• [Task requirements]: Transcribe, starting at the line with "बॉब बेह्नकेन आणि" and ending at the line with "The Secretary of", every line of the material below exactly, but leave out the pictures and anything outside that span.

• [Data records]:
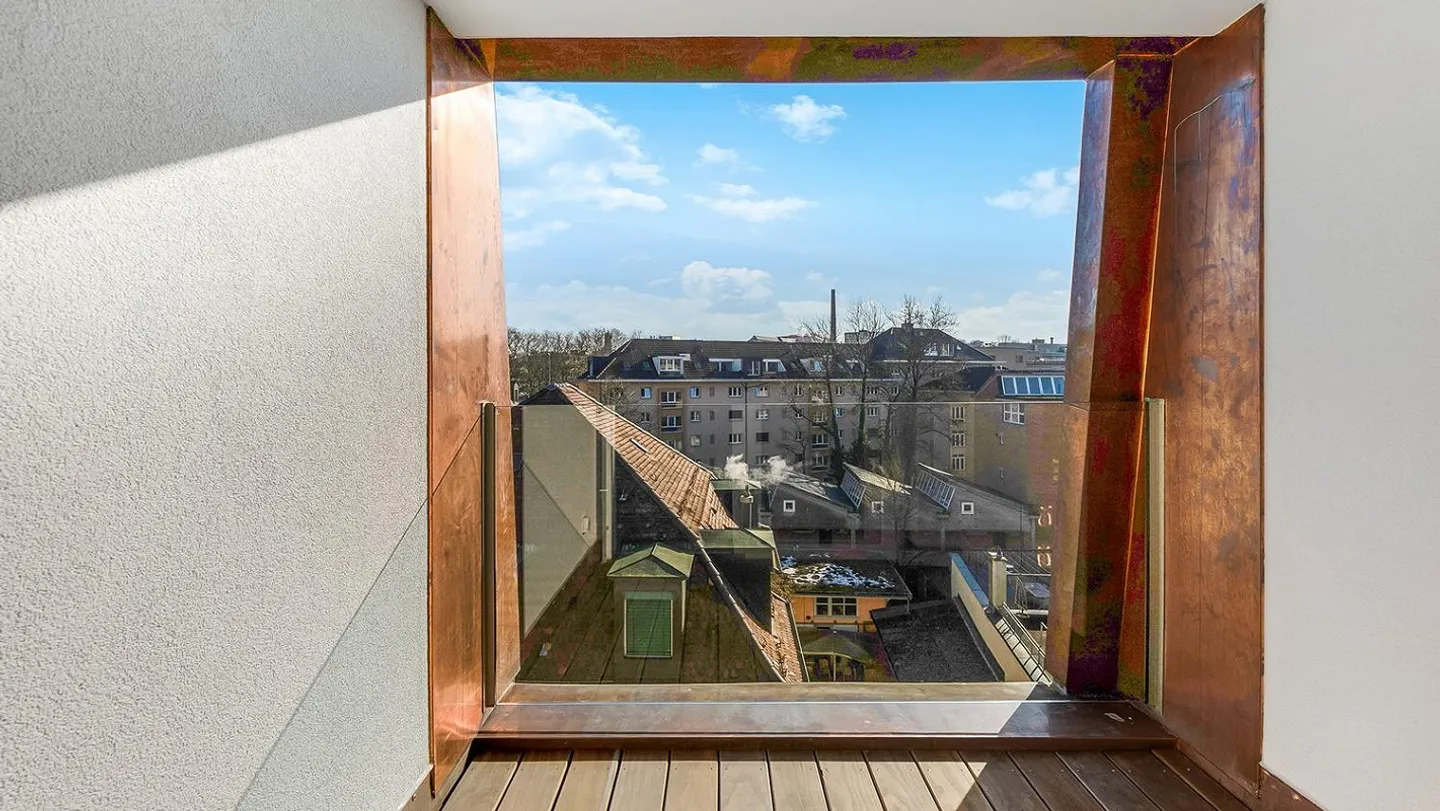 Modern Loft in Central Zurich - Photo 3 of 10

* * *

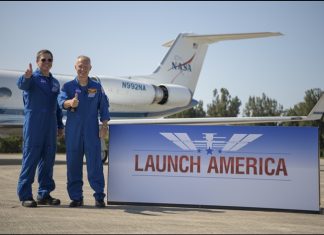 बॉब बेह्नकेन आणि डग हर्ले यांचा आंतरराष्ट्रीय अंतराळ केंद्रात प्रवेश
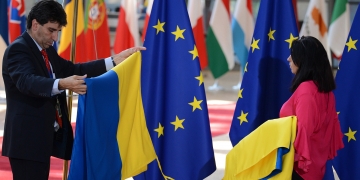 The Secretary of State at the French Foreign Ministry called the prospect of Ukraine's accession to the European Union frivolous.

• [Answer for this exercise]:
 बॉब बेह्नकेन आणि डग हर्ले यांचा आंतरराष्ट्रीय अंतराळ केंद्रात प्रवेश
 The Secretary of State at the French Foreign Ministry called the prospect of Ukraine's accession to the European Union frivolous.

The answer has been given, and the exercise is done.